AIM OF THE EXERCISE. Below are some records; give them all again exactly, but not the pictures.

[Captioned web image data]
• • •

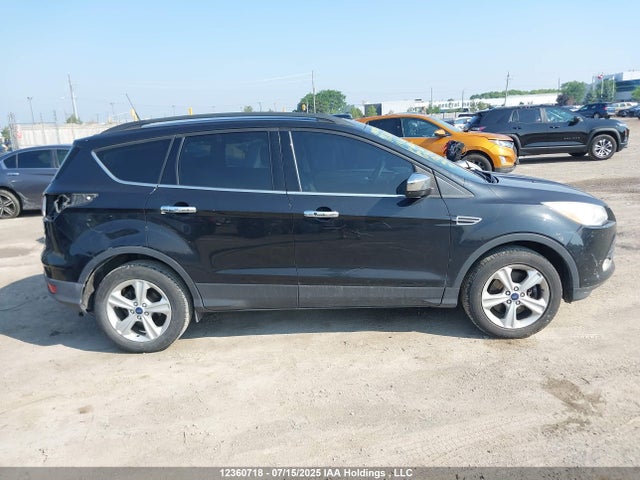 1FMCU9GX1EUB88306 Ford Escape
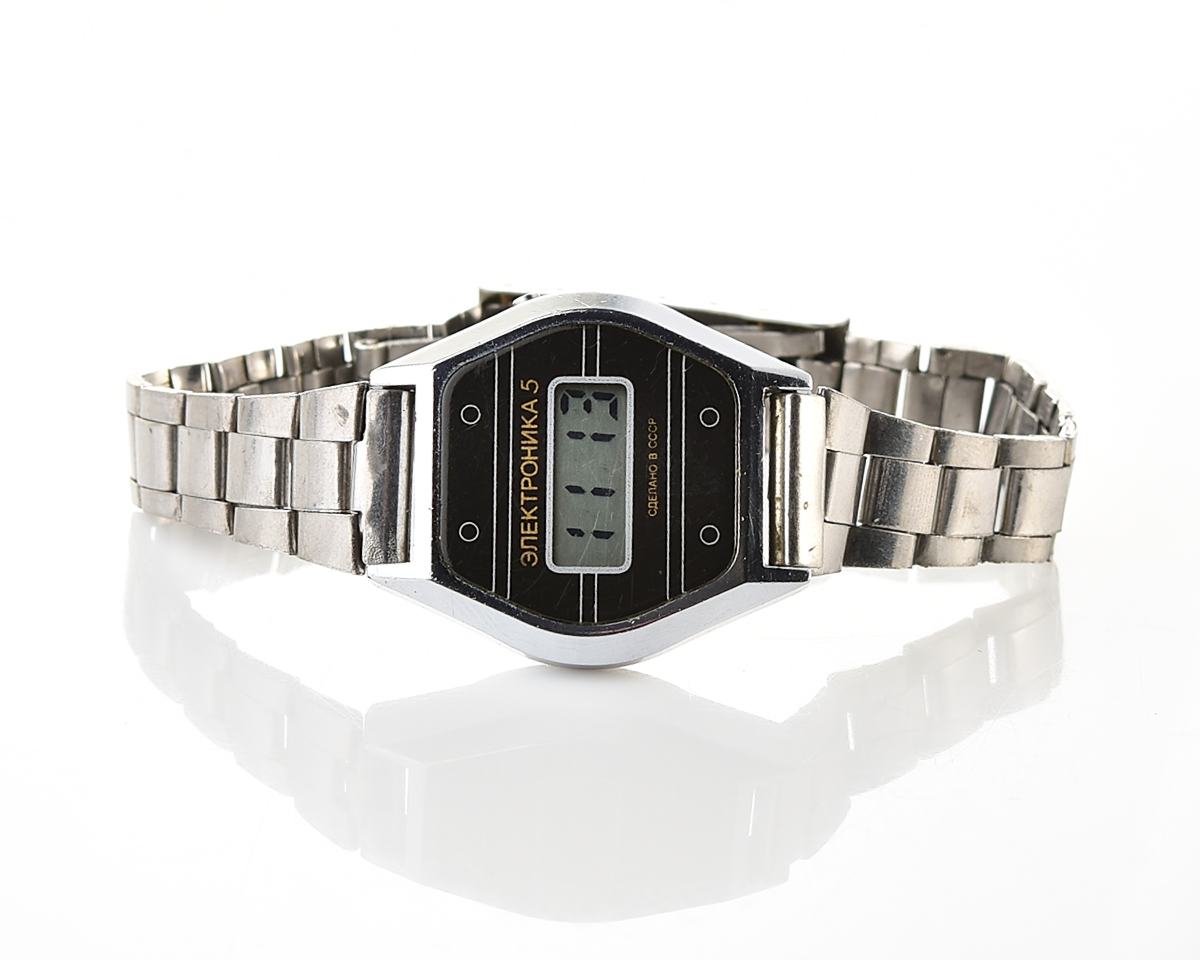 Digital vintage USSR wristwatch Electronika-5 with stainless steel bracelet for ladies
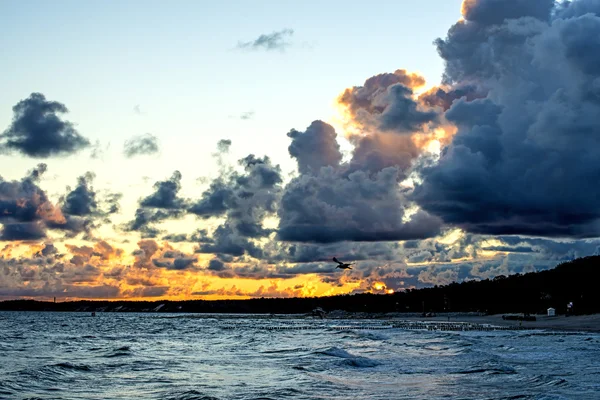 Mar Báltico en Polonia, Playa de Ustka al amanecer — Foto de Stock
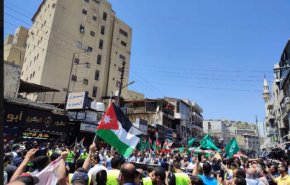 مسيرة في عمّان دعما للمقاومة الفلسطينية وانتصارا لجنين

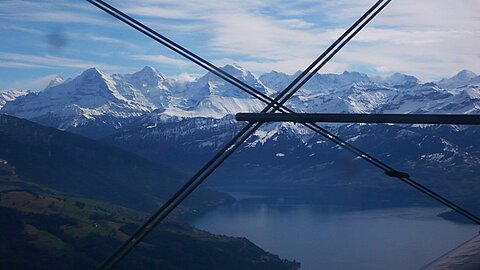 Mit den Spanndrähten zielen wir auf die Jungfrau.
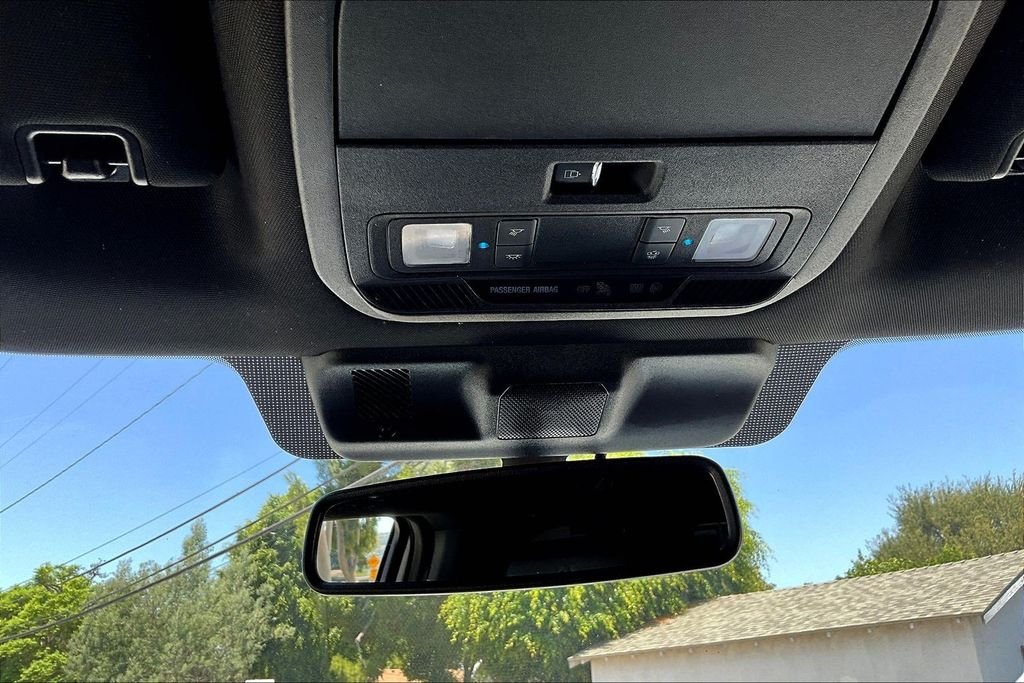 Used 2022 White Ford Lariat image 17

• • •

REPLY TO THE EXERCISE.
 1FMCU9GX1EUB88306 Ford Escape
 Digital vintage USSR wristwatch Electronika-5 with stainless steel bracelet for ladies
 Mar Báltico en Polonia, Playa de Ustka al amanecer — Foto de Stock
 مسيرة في عمّان دعما للمقاومة الفلسطينية وانتصارا لجنين

 Mit den Spanndrähten zielen wir auf die Jungfrau.
 Used 2022 White Ford Lariat image 17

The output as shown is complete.